WORK INSTRUCTION >>
A line below contains "Magnetic 8.5X11 FODMAP", and a later one contains "Image result for T-SQL Left Outer Join". Repeat both, with every line between them, exactly.

DATA EXTRACTS >>
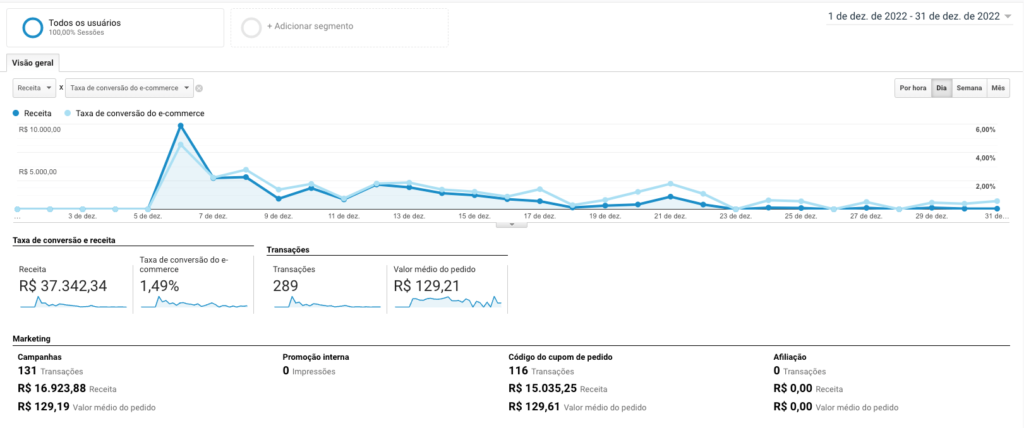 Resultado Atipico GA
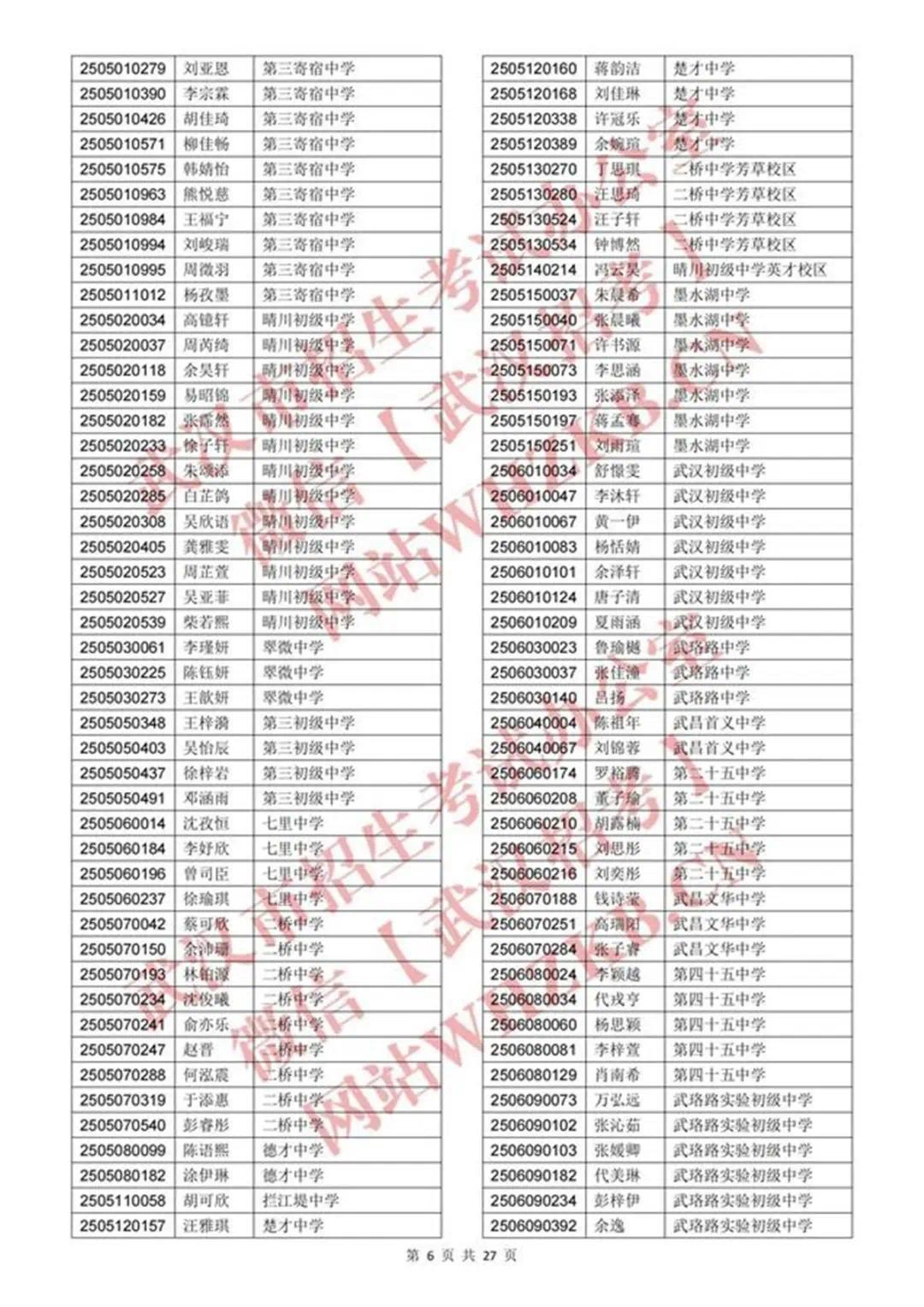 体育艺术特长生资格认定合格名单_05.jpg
* * *
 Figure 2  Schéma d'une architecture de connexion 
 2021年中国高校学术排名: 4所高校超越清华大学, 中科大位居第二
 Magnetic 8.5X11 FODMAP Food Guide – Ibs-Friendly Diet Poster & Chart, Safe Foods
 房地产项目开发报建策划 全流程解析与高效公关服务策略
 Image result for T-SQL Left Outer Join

TASK RESULT >>
 Magnetic 8.5X11 FODMAP Food Guide – Ibs-Friendly Diet Poster & Chart, Safe Foods
 房地产项目开发报建策划 全流程解析与高效公关服务策略
 Image result for T-SQL Left Outer Join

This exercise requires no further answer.